Osborne has managed to extract unprecedented wads of money from the wallets of the rich. What Ed Miliband likes to call “Cameron’s tax cut for millionaires” — the reduction of tax rate on those earning over £150,000 a year from 50% to 45% — has resulted in the top 1% of earners paying 28% of all income tax. The richest 0.5% now pay almost three times the total tax paid by the bottom half of all taxpayers. Infuriating though some of the super-rich may be, living in their bubbles of bling, this makes it rather important that they do not leave the country. 

What, then, is the real choice at the election?
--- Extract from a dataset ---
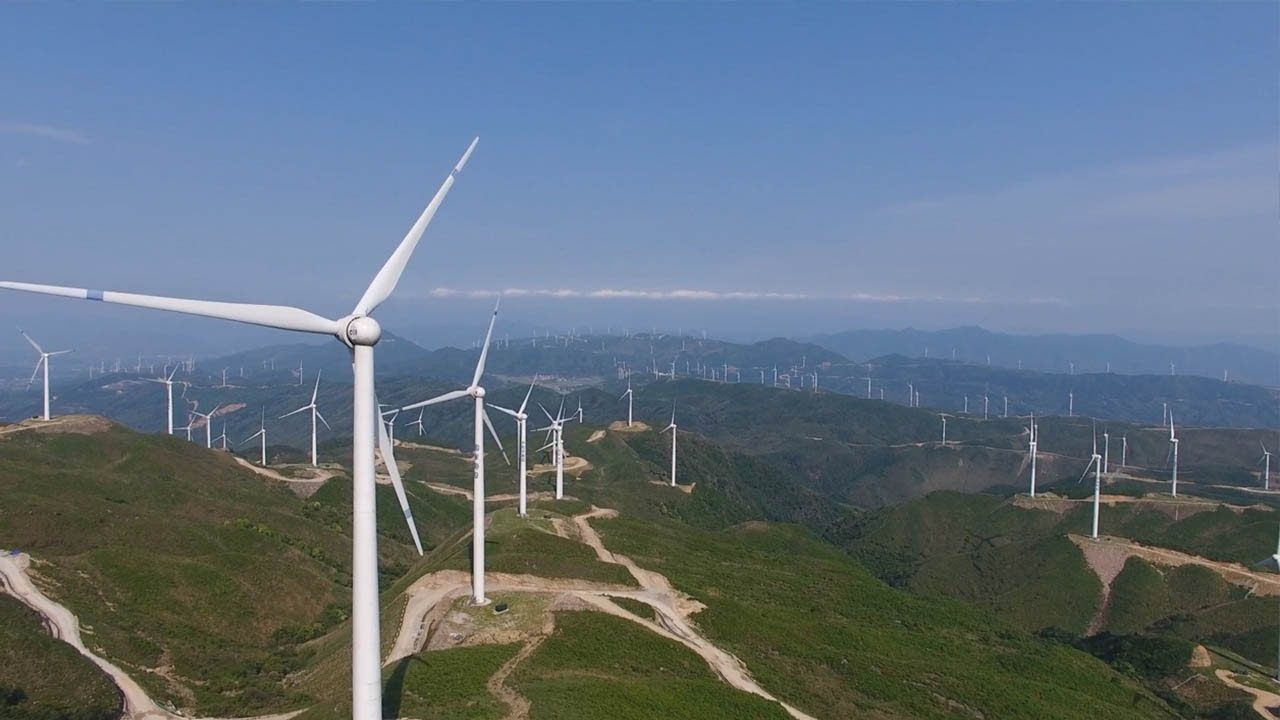 China's new wind, solar power capacity surged in 2020, analysts say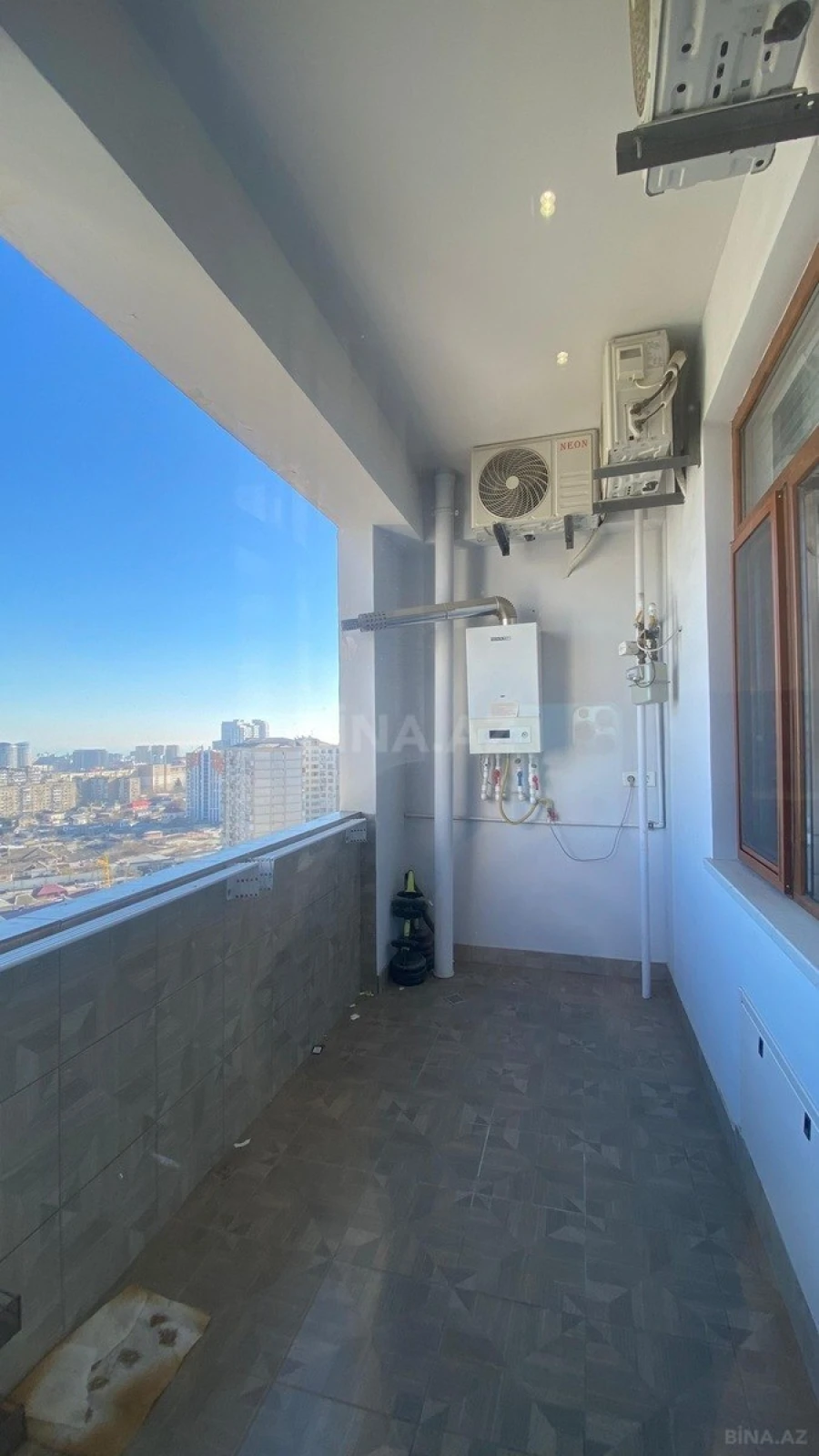Kirayə verilir 3 otaqlı mənzil 122 m²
On Thursday the Institute for Fiscal Studies (IFS) predicted that a Conservative-led government would cut spending by about 18% in unprotected departments, if it sticks to its deficit goal; and that a Labour-led government would increase national debt by about £90bn, despite its claim to be “relentlessly focused on the deficit”. 

The IFS accused Labour of being “considerably more vague” about its plans. That’s saying something, given the Tories’ reluctance to detail their spending cuts. 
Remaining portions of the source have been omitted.